Where a record holds a picture, leave the picture out; otherwise repeat every record exactly.

*** Begin section ***

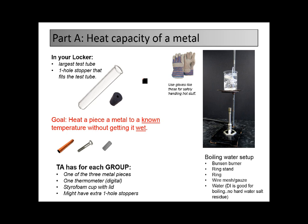In part A, to figure out the heat capacity of a metal, you're going to use your large test tube. You're going to have a stopper with one hole in it, and it should fit in there. The hole is going to be important so it doesn't back up a lot of heat — you don't want to heat a closed container. We're going to end up putting a metal piece in; it should be one of these three things out there for you to look at and to use. A TA should have those metals.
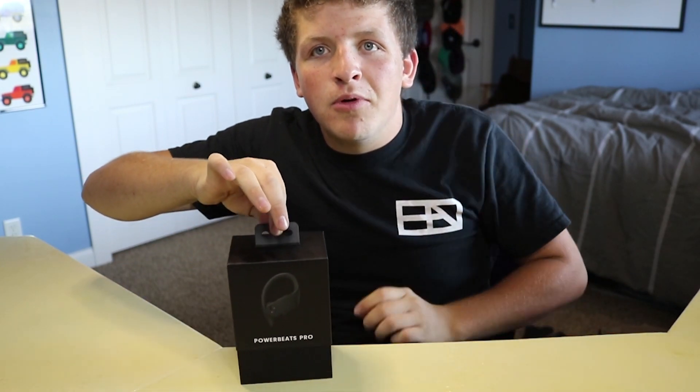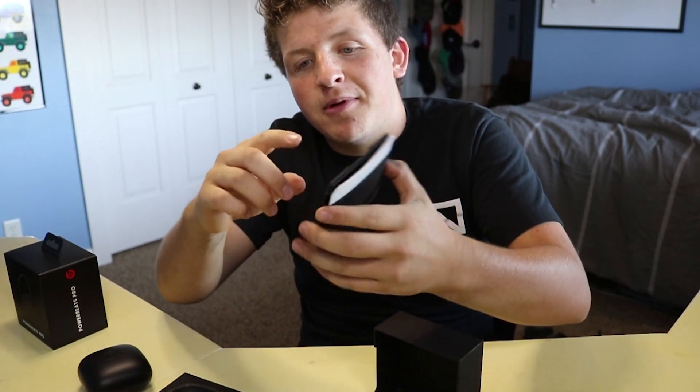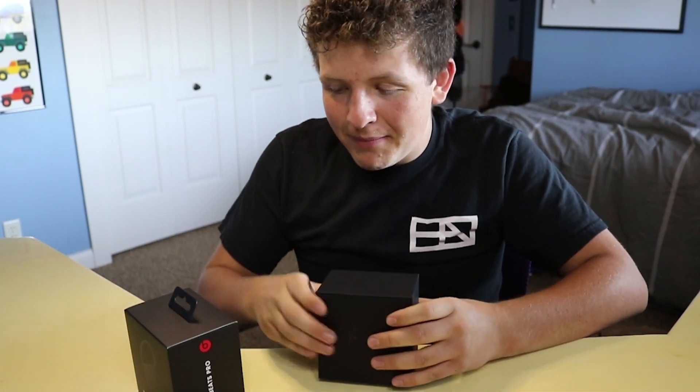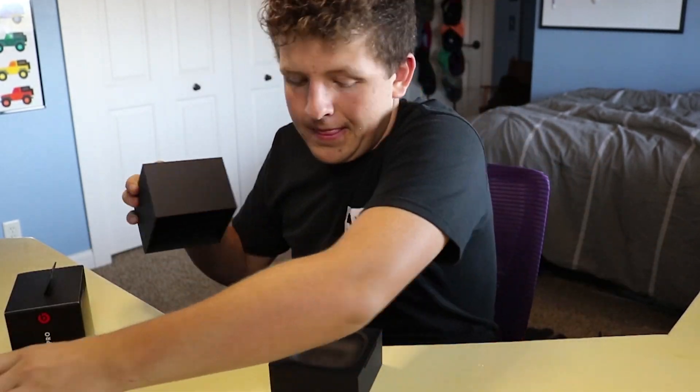I was going to do an unboxing of them, but the unboxing was very mundane — you just pull it off, you have your little papers and buds and the cord goes in here. So I thought I'd do a long-term review instead of a first-impressions review, because right when I got them I was like, yeah, these are sick. I should have waited for the Powerbeats Pro 2s, because then they might have fixed all these bugs. Powerbeats, please listen to this video.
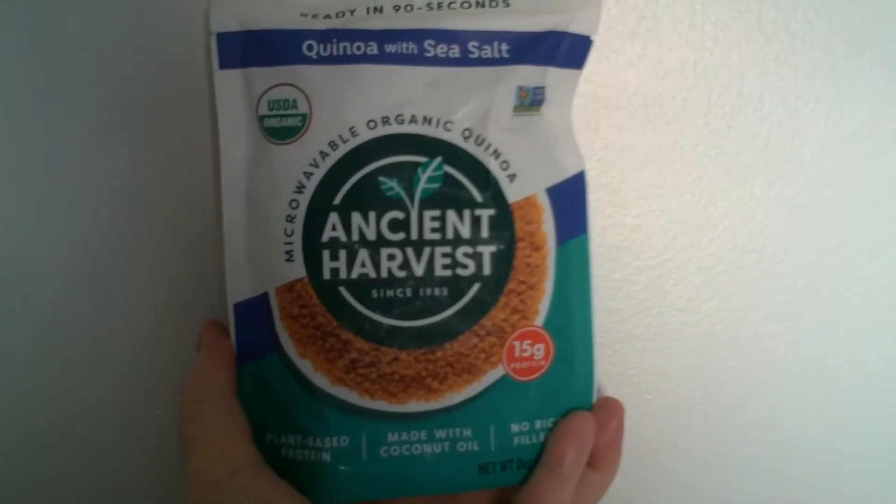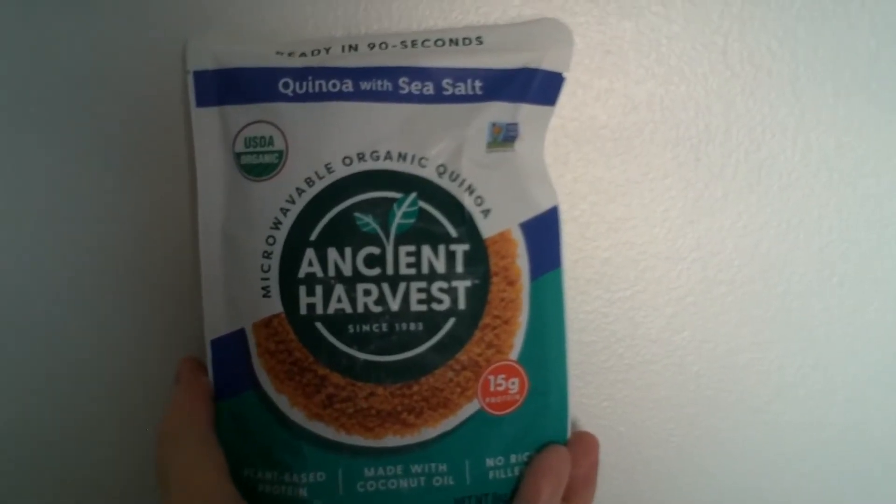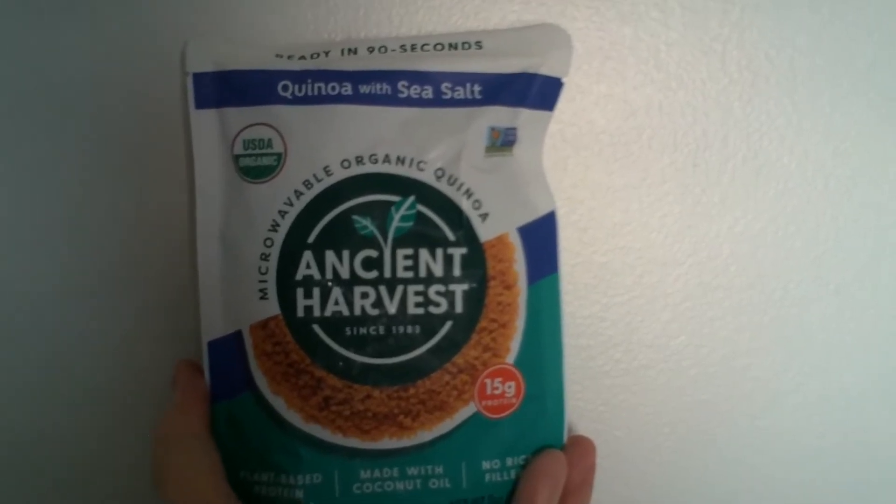Hey there, hungry people, this is Randy Wild Horse. I got some quinoa to try — it's Ancient Harvest quinoa with sea salt. It's ready in 90 seconds, it's USDA organic, non-GMO project verified, and they've been around since 1973.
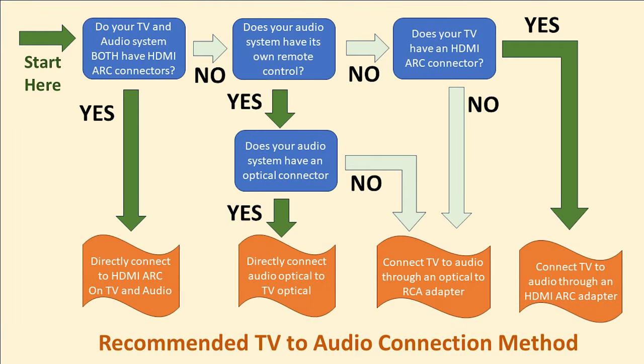Hi everyone, I'm Roger, a gadget guy. There are two really good ways of connecting a TV to an audio system. One way is to use an HDMI cable like this one, and the other is to use an optical or TOS link cable like this one. The best one to use depends on your specific TV and audio system. This video guides you through step-by-step the decision-making so you can find the best method for your system before you go out and spend money on cables and adapters. I'm going to use this chart as a visual aid as I go through each step.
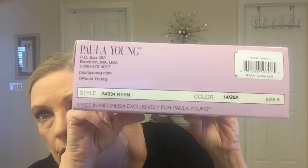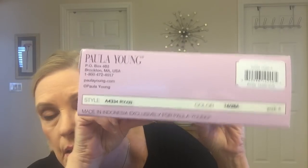Oh, and here's the box — I didn't think I showed you the box for it. There you go. There's the style and the color if you're interested.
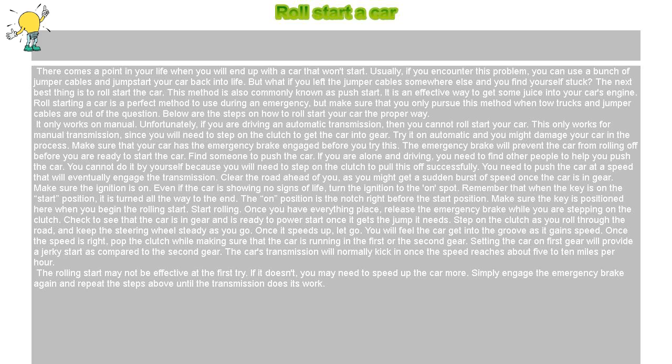You will feel the car get into the groove as it gains speed. Once the speed is right, pop the clutch while making sure that the car is running in the first or the second gear. Setting the car on first gear will provide a jerky start as compared to the second gear. The car's transmission will normally kick in once the speed reaches about 5 to 10 miles per hour.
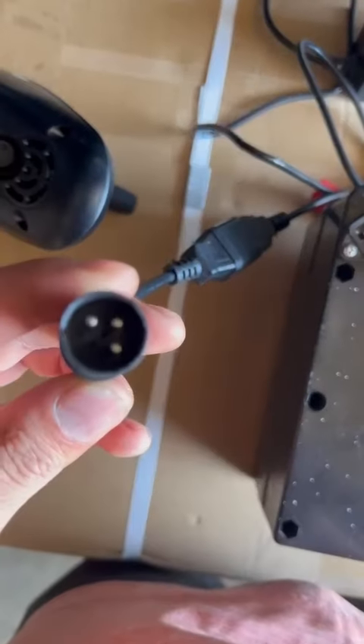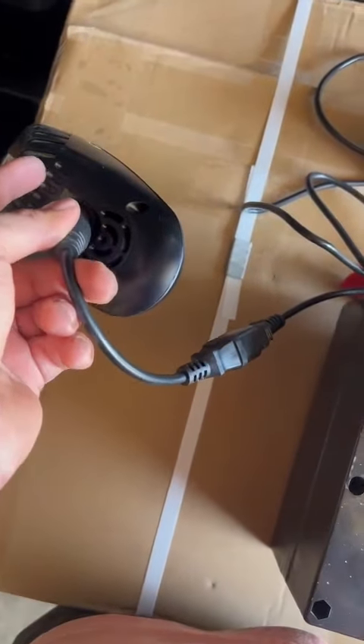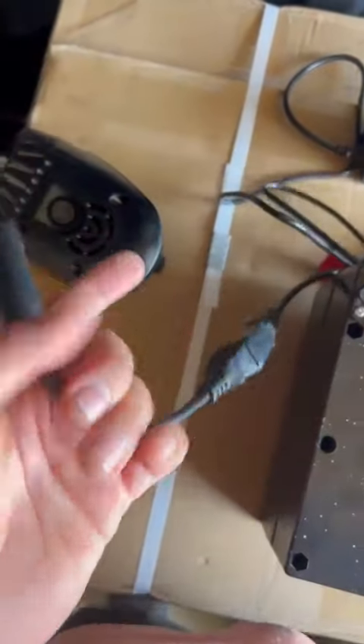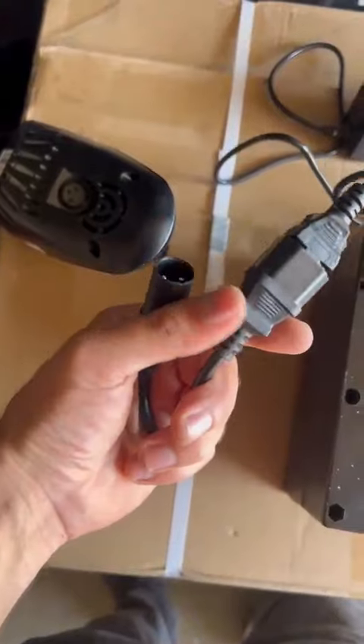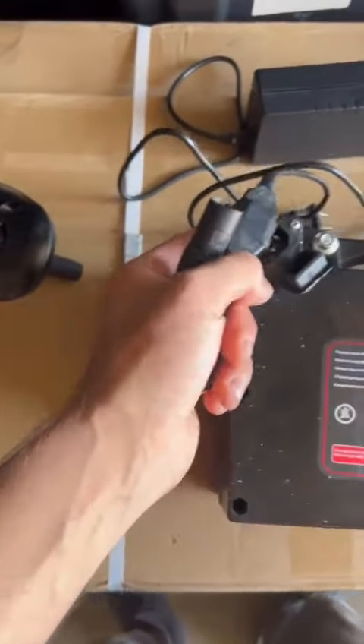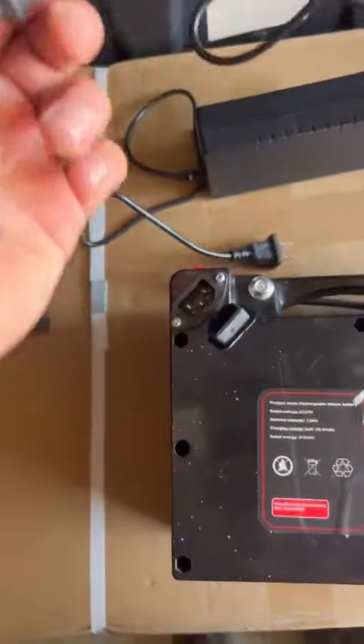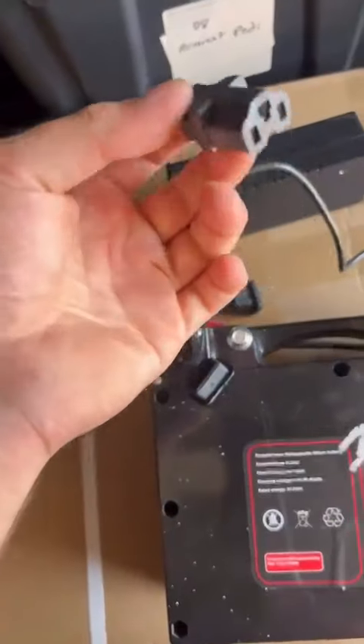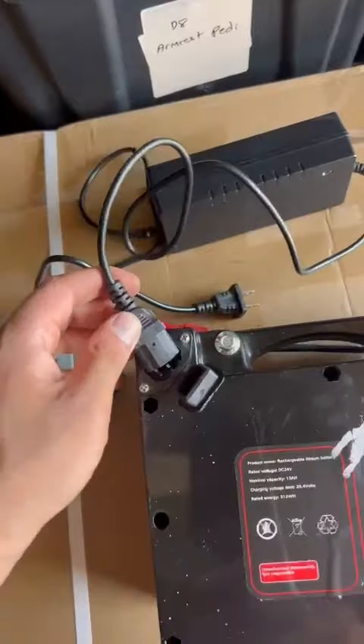This port goes here to the joystick to charge it. So this extension wire helps you charge from the joystick, not directly to the battery. If you want to charge directly to the battery, you have to use this wire here.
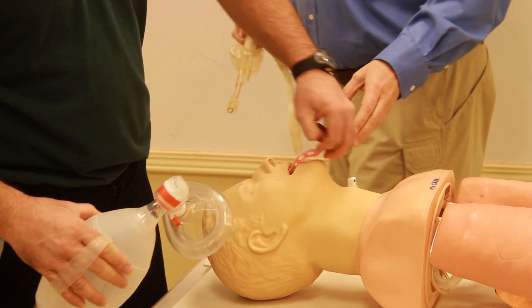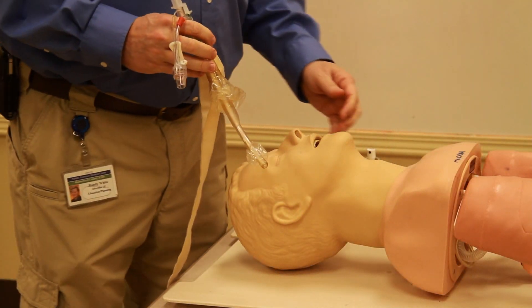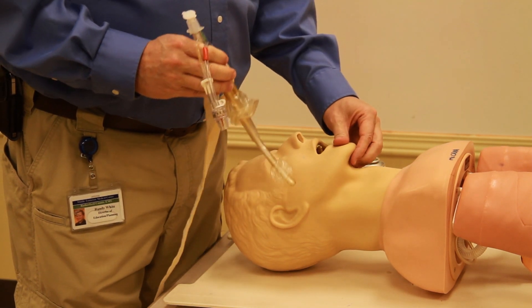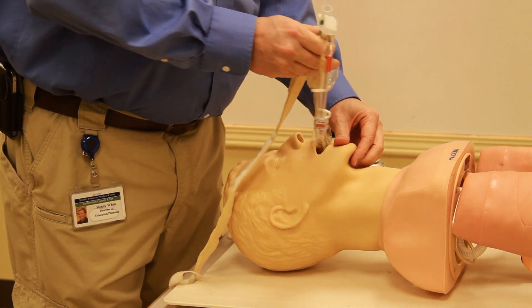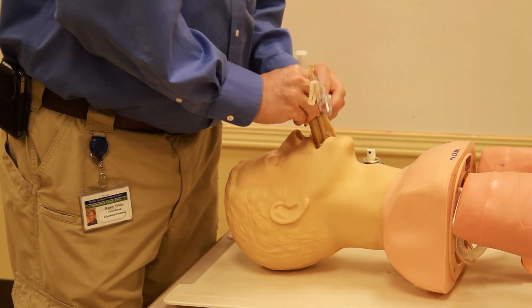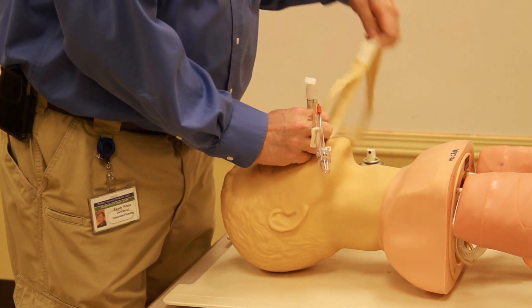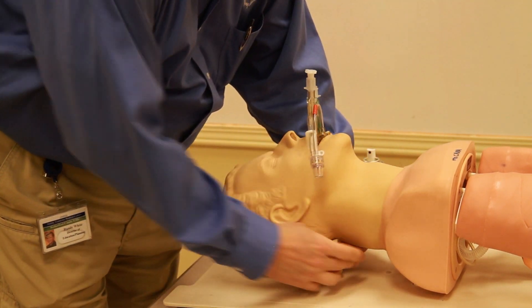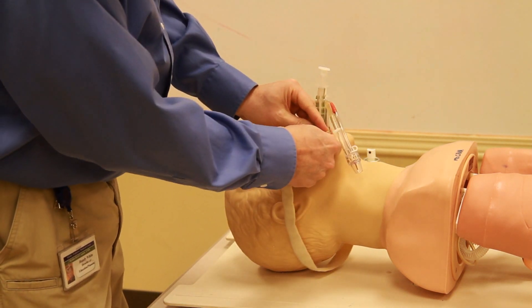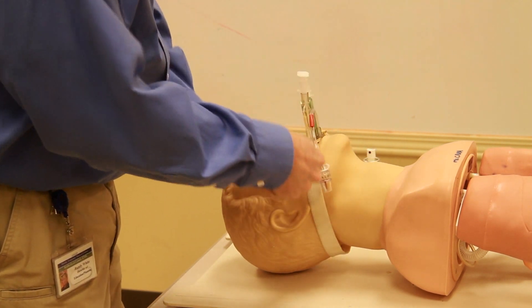I have 30 seconds to put this airway in. I pull the chin down and push the airway in following the curvature of the mouth. Then I wrap the neck strap around the neck, through the airway, and back down.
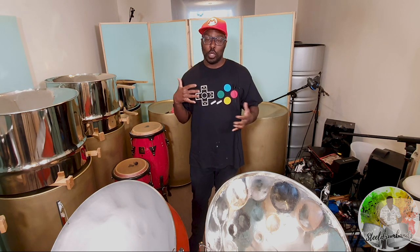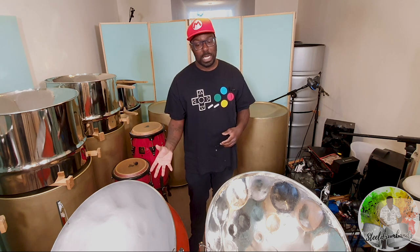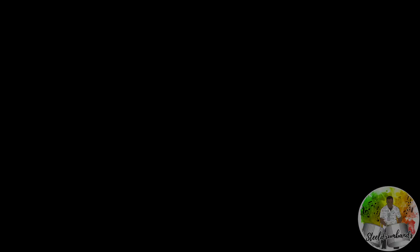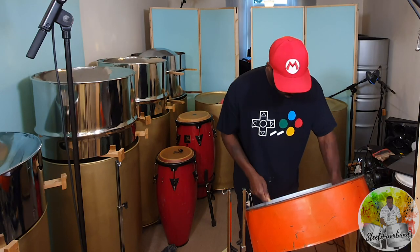If you're on a budget, maybe it could work — maybe it could be a good practice pan. But if you're a professional musician, don't think about it. I was trying to squeeze life out where there was none.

*** End section ***

* _THE ANSWER_:
In part A, to figure out the heat capacity of a metal, you're going to use your large test tube. You're going to have a stopper with one hole in it, and it should fit in there. The hole is going to be important so it doesn't back up a lot of heat — you don't want to heat a closed container. We're going to end up putting a metal piece in; it should be one of these three things out there for you to look at and to use. A TA should have those metals.
I was going to do an unboxing of them, but the unboxing was very mundane — you just pull it off, you have your little papers and buds and the cord goes in here. So I thought I'd do a long-term review instead of a first-impressions review, because right when I got them I was like, yeah, these are sick. I should have waited for the Powerbeats Pro 2s, because then they might have fixed all these bugs. Powerbeats, please listen to this video.
Hey there, hungry people, this is Randy Wild Horse. I got some quinoa to try — it's Ancient Harvest quinoa with sea salt. It's ready in 90 seconds, it's USDA organic, non-GMO project verified, and they've been around since 1973.
Hi everyone, I'm Roger, a gadget guy. There are two really good ways of connecting a TV to an audio system. One way is to use an HDMI cable like this one, and the other is to use an optical or TOS link cable like this one. The best one to use depends on your specific TV and audio system. This video guides you through step-by-step the decision-making so you can find the best method for your system before you go out and spend money on cables and adapters. I'm going to use this chart as a visual aid as I go through each step.
Oh, and here's the box — I didn't think I showed you the box for it. There you go. There's the style and the color if you're interested.
You will feel the car get into the groove as it gains speed. Once the speed is right, pop the clutch while making sure that the car is running in the first or the second gear. Setting the car on first gear will provide a jerky start as compared to the second gear. The car's transmission will normally kick in once the speed reaches about 5 to 10 miles per hour.
This port goes here to the joystick to charge it. So this extension wire helps you charge from the joystick, not directly to the battery. If you want to charge directly to the battery, you have to use this wire here.
I have 30 seconds to put this airway in. I pull the chin down and push the airway in following the curvature of the mouth. Then I wrap the neck strap around the neck, through the airway, and back down.
If you're on a budget, maybe it could work — maybe it could be a good practice pan. But if you're a professional musician, don't think about it. I was trying to squeeze life out where there was none.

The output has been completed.